NYU Dentistry Research Explores Oral Health of Vulnerable Women During Pregnancy
The National Institute of Dental and Craniofacial Research is funding research at NYU Dentistry to better understand the oral health of vulnerable pregnant women and the barriers they face to receiving dental care. The research—supported by a $2.1 million, four-year grant—is led by Stefanie Russell, DDS, MPH, PhD, clinical associate professor in the Department of Epidemiology and Health Promotion and the project’s principal investigator, along with NYU Dentistry co-investigators Shulamite Huang, PhD, and Richard Heyman, PhD.
Low-income women of color are at risk for poor oral health during pregnancy and less likely to see a dentist while pregnant than white and higher-income women. However, pregnancy is often the only time when women can access dental care through Medicaid, as states offer Medicaid to women at a higher income during pregnancy to ensure that they do not go without prenatal care.
National evidence-based guidelines advocate visiting a dentist during pregnancy to improve oral health. However, some prenatal oral health programs designed to increase dental utilization among vulnerable pregnant women have had disappointing results despite addressing common barriers to care.

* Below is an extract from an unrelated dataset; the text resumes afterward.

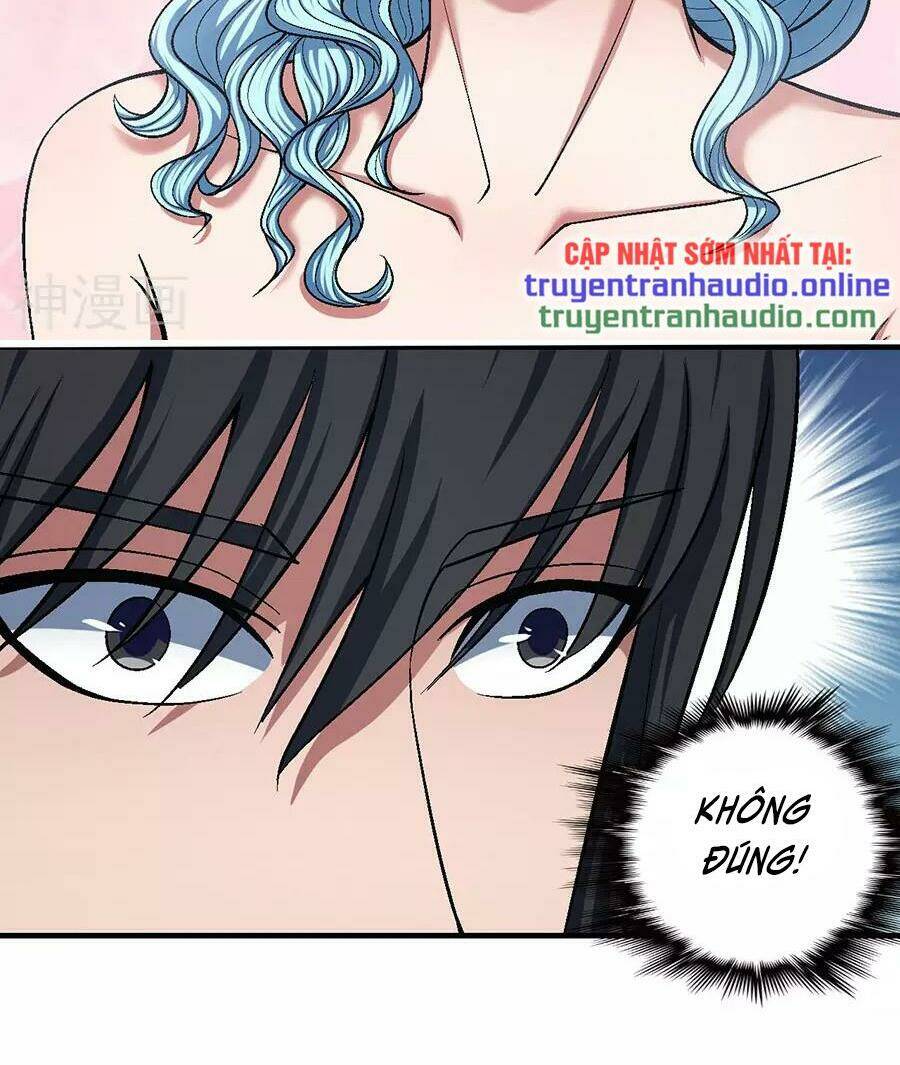 Tuyệt Thế Võ Thần Chapter 359 - Trang 2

“Our research aims to fill a gap in understanding what factors predict or constrain access to dental care during pregnancy, which can inform the design of future interventions,” said Russell. “Importantly, we need to collect longitudinal data to see how the factors play out throughout pregnancy.”
Russell’s research leverages her clinical Prenatal Oral Health Program, an ongoing interprofessional collaboration between NYU College of Dentistry and the Bellevue Hospital Obstetrics and Gynecology Service. For this study, the researchers are collecting survey data on socio-behavioral and psychosocial factors common in these vulnerable women during the first trimester of pregnancy. They are also conducting clinical oral examinations to evaluate tooth loss, dental caries, gingivitis, and periodontitis, and will refer all women for necessary dental care. Then, the researchers will re-survey and re-examine participants during their third trimester, and use Medicaid claims to evaluate their dental care utilization. Modeling will be used to identify predictors of dental care utilization and oral health during pregnancy.
“This study is the first step in addressing our long-term goal to improve the oral health of vulnerable women by intervening during pregnancy,” said Russell.
The four-year grant (1R01DE029963-01A1) started in 2021 and will continue through 2025.